As quantum computers become more affordable and commonplace, existing security systems that are based on classical cryptographic primitives, such as RSA and
Elliptic Curve Cryptography
(
ECC
), will no longer be secure. Hence, there has been interest in designing
post-quantum cryptographic
(
PQC
) schemes, such as those based on
lattice-based cryptography
(
LBC
). The potential of LBC schemes is evidenced by the number of such schemes passing the selection of NIST PQC Standardization Process Round-3. One such scheme is the Crystals-Dilithium signature scheme, which is based on the hard module-lattice problem. However, there is no efficient implementation of the Crystals-Dilithium signature scheme. Hence, in this article, we present a compact hardware architecture containing elaborate modular multiplication units using the Karatsuba algorithm along with smart generators of address sequence and twiddle factors for NTT, which can complete polynomial addition/multiplication with the parameter setting of Dilithium in a short clock period. Also, we propose a fast software/hardware co-design implementation on
Field Programmable Gate Array
(
FPGA
) for the Dilithium scheme with a tradeoff between speed and resource utilization.

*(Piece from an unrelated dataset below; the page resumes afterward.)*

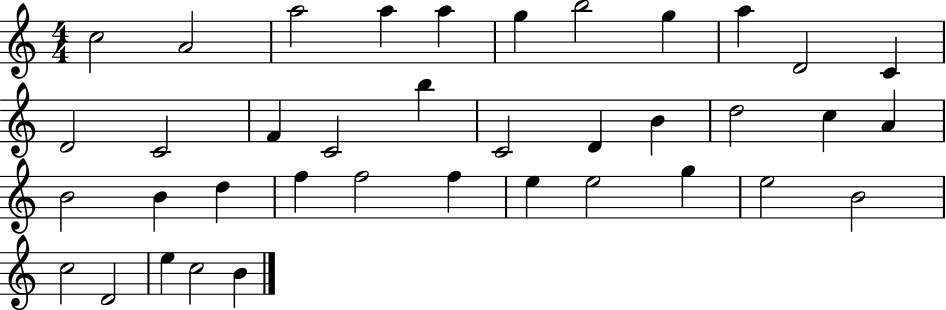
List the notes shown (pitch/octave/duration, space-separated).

Our co-design implementation outperforms a pure C implementation on a Nios-II processor of the platform Altera DE2-115, in the sense that our implementation is 11.2 and 7.4 times faster for signature and verification, respectively. In addition, we also achieve approximately 51% and 31% speed improvement for signature and verification, in comparison to the pure C implementation on processor ARM Cortex-A9 of ZYNQ-7020 platform.